Thomas nods, conceding the point. His throat is dry. Cold tea sits in a cup by his elbow. But he reaches not for the cup but for the scrapbook Mrs. Singh left open on the table. The coronation looks up at him. He flicks the page, to outrage and atrocity.
“It goes back to what your wife asked—about what happened, back then. You will know the outlines. We called to life the Soot; made Smoke subtle. The earth itself came alive. After some weeks it grew weaker, more sporadic. Soon things returned to how they had been, more or less. You could say that things had worked as planned.
“But there was something else, too, on that first day in London. A black plume, like a gash in the sky. Like the darkness behind a painted world whose canvas has been ripped.”
Thomas pauses, his voice failing him; plants a finger onto the newspaper page, onto the crucified children, the burning embers of Cambridge.
“It moved like a blade. There were no witnesses to its passage; just the dead. People who saw it from afar soon had a name for it: the Black Storm. We did not know if there was one or many.
“For the longest time, I thought the Storm and the Second Smoke were the same thing, two sides of the self-same coin. After all, some outbreaks of Second Smoke were rather dark, feeding on pain embedded in the land or finding dark Smokers. Ugly things happen in such ‘Gales’; impossible things, animal truths that afterwards one is ashamed to name.
“Only the Black Storm did not feed on the land, it scorched it. And its evil was pure: a distillation of hate. I told myself that Julius must have caused it: that his body—the body of the boy I had killed with my own fists—had turned into a wraith. That he was stalking the land. Taking revenge.”
“You blamed yourself.” Singh seems surprised by this thought, envious almost. It is as though he thinks guilt an emotion whose luxury one may sample only after one’s battles have been won. “But now you think it wasn’t Julius. That the cause was something else. Something new. An import, from overseas.”
“I don’t know, Mr. Singh. I have come all the way to India just to answer that question.”
[ 4 ]
They sit in silence for a moment. Then Mr. Singh gets up abruptly, disappears into the living room, and returns with a bottle of Scotch and, somewhat quaintly, a box of digestive biscuits that he presents with great ceremony. Soon they sit, whisky in teacups, savouring the ancient biscuits, despite the mouldy dampness that clings to them.
“So what do you think it was,” asks Mr. Singh, “this mysterious colonial import that you are chasing?” His tone is light, but Thomas can see that his interest has shifted, grown personal.
“I had a theory.

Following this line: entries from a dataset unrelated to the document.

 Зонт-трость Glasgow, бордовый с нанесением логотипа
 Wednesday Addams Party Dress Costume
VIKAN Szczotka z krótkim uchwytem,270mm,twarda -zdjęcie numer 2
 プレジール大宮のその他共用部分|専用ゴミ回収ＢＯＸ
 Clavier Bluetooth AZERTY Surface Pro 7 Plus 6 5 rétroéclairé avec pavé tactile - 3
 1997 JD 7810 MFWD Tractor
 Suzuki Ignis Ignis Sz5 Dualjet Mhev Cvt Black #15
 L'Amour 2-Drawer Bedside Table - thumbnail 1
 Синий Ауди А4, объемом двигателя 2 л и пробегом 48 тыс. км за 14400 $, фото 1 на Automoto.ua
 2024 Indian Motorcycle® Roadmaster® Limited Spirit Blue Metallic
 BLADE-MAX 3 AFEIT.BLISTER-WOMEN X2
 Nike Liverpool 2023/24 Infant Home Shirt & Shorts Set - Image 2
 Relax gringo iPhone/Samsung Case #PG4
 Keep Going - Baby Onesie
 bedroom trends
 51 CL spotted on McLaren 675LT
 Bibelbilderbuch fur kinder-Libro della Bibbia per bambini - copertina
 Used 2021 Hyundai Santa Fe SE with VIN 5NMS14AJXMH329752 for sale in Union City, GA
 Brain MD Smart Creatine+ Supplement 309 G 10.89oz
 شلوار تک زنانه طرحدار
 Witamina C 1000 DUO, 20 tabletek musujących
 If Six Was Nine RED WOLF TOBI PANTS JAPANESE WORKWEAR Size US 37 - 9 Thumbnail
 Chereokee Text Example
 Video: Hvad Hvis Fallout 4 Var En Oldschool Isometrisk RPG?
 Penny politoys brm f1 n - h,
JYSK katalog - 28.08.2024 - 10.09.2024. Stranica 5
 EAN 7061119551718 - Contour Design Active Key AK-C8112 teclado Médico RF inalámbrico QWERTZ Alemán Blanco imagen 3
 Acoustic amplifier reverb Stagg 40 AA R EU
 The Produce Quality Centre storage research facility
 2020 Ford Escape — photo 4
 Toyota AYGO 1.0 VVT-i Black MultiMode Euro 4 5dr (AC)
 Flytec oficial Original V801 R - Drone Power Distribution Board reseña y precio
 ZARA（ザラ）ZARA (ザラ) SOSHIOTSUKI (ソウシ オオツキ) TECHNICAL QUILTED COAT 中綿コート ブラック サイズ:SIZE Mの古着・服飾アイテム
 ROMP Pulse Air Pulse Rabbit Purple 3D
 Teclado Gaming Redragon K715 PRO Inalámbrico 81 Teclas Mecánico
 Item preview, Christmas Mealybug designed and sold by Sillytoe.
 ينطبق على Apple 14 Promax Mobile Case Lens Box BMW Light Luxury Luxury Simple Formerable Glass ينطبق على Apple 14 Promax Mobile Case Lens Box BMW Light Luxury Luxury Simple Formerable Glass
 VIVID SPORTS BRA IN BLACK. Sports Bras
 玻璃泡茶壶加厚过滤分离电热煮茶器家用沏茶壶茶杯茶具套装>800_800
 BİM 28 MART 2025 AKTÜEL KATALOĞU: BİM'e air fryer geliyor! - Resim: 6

You see, back in the time of the First Smoke there was a lot of money in sin. Cigarettes—you may have heard of them. The rulers of Britain had grown so good at being free of affect that they had to ingest other people’s passions for a taste of fun. Cigarettes were based on very dark Soot, harvested in the most infernal places. Prisons, madhouses, execution yards. I came to think that maybe someone had set up a factory somewhere. A place where chance harvest was replaced by active creation.”